Had to net the bed of leeks. Naughty blackbirds have dug out the compost and pecked the plants out. A couple of weedy ones have been destroyed (and possibly magpies may have been playing tug of war with them too). So replanted those that were laying on the path and scooped up the compost. Most of the plants in the centre of the bed were untouched - just round the edges were the worst. Then I looked up to see the pekin digging around in another bed - how the heck did you get in madam!!! Blooming birds!!!

 

Bought some buffalo mozzarella from the farm down the road and ate it with the basil and the Black Russian toms in the garden. Not quite got the rapeseed oil refinery yet, but I did manage to get some locally produced - so food miles pretty low there! Picked lots of runner beans today. I don't think we have much room in the freezer for any more French beans!
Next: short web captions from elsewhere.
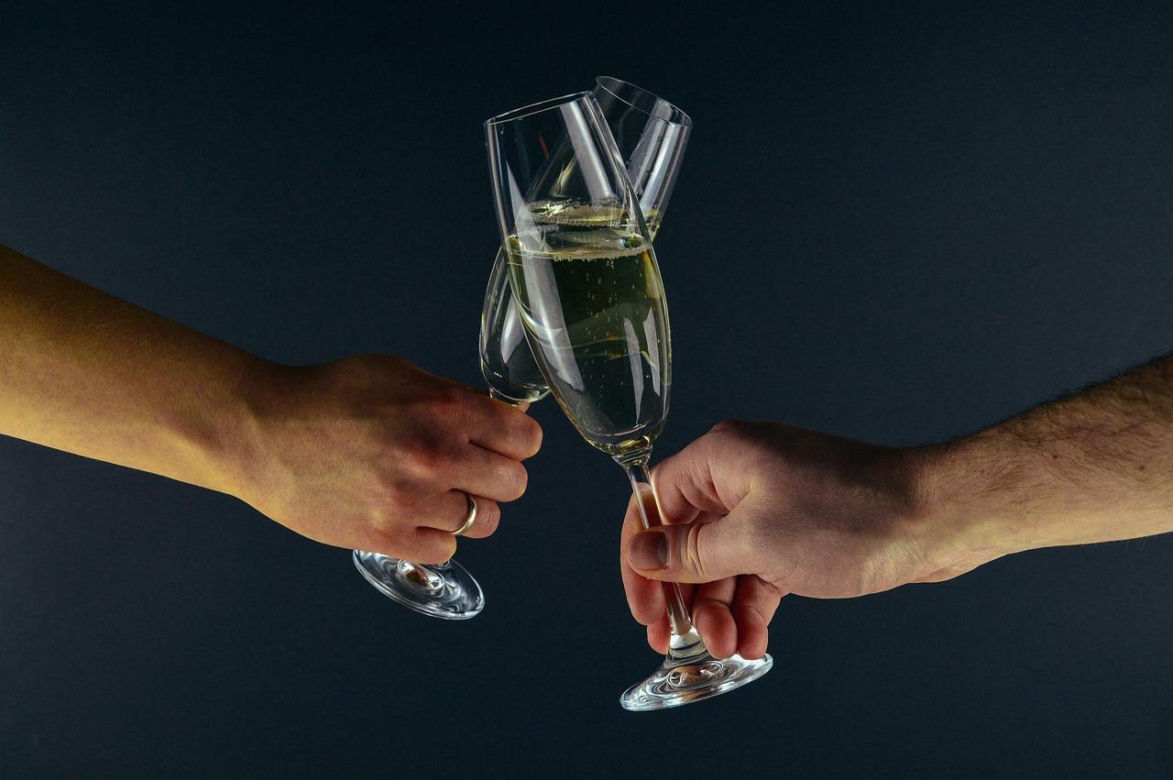 Kartki na Nowy Rok 2025 z życzeniami. Pobierz bezpłatną grafikę i wyślij swoim znajomym 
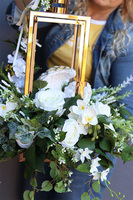 Angelo Garden Goldi, kompozycja nagrobna ze złotym lampionem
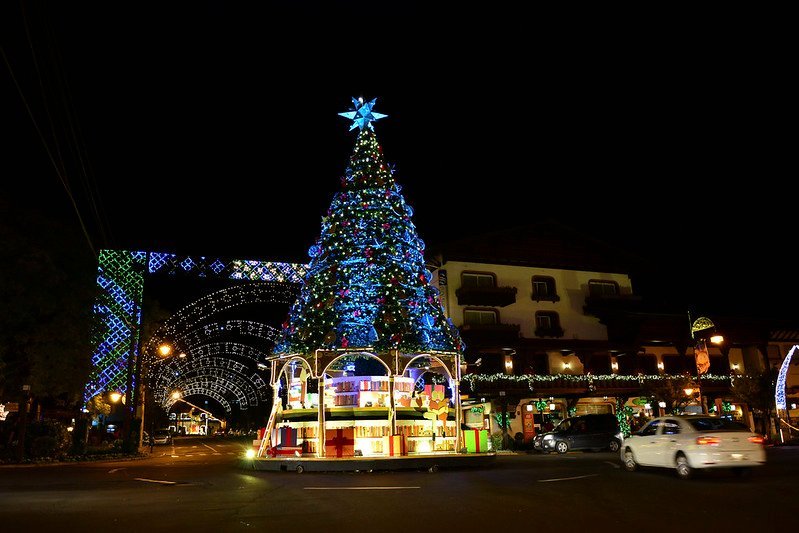 Natal Luz de Gramado 2024 / 2025: O Espetáculo que Encanta Corações 2 Rotatória da Av. Borges de Medeiros com árvore de natal, foto noturna.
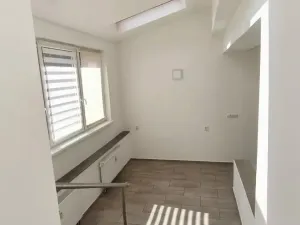 Prodej atypického bytu, Nupaky, 88 m2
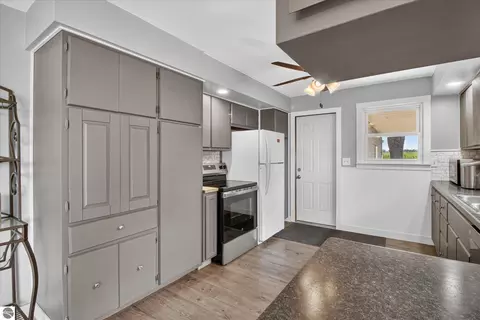 Kitchen - 1629 N Warner Rd, Sumner, MI 48889 photo 1 of 4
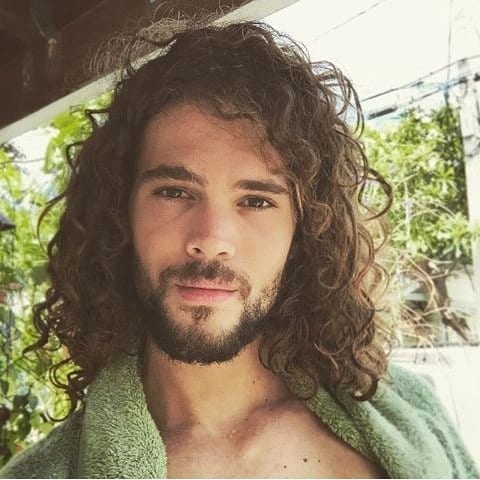 Is Mane hairstyle a Versatile Style For Curly, Wavy ... (480 x 480 Pixel)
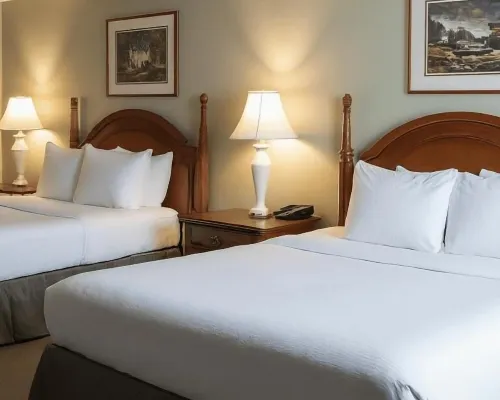Midtown Inn โรงแรมในแซสคาทูน
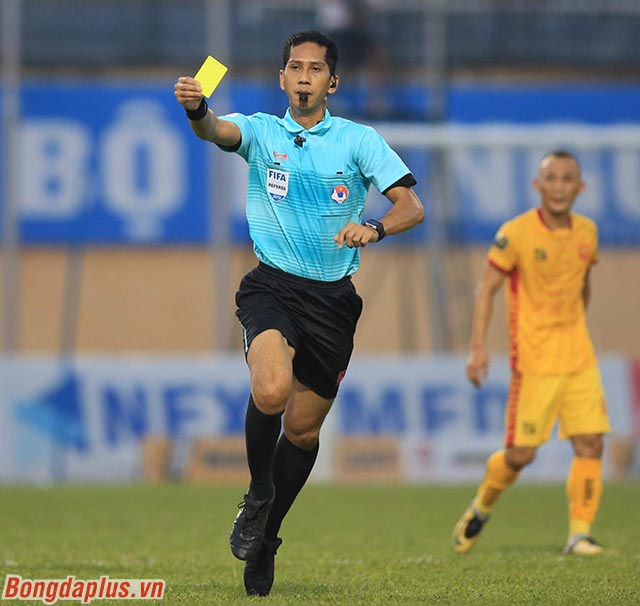 Trọng tài người Malaysia liên tục phải rút thẻ phạt cảnh cáo hai đội 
So I'm thinking of letting them go over to collect the seeds and make our own version of baked beans! I only like runners fresh. Definitely a brilliant year for them. I haven't had such good results from the runners for a long time now. I wonder if it's because I left it quite late? Plus the dry weather has kept the snails off for the most part. Nematodes sorted out the slugs.

 

I think it's time to cut off some calabrese heads too. I am enjoying this year (in spite of the tomato issues) - but not enjoying the heat!!!!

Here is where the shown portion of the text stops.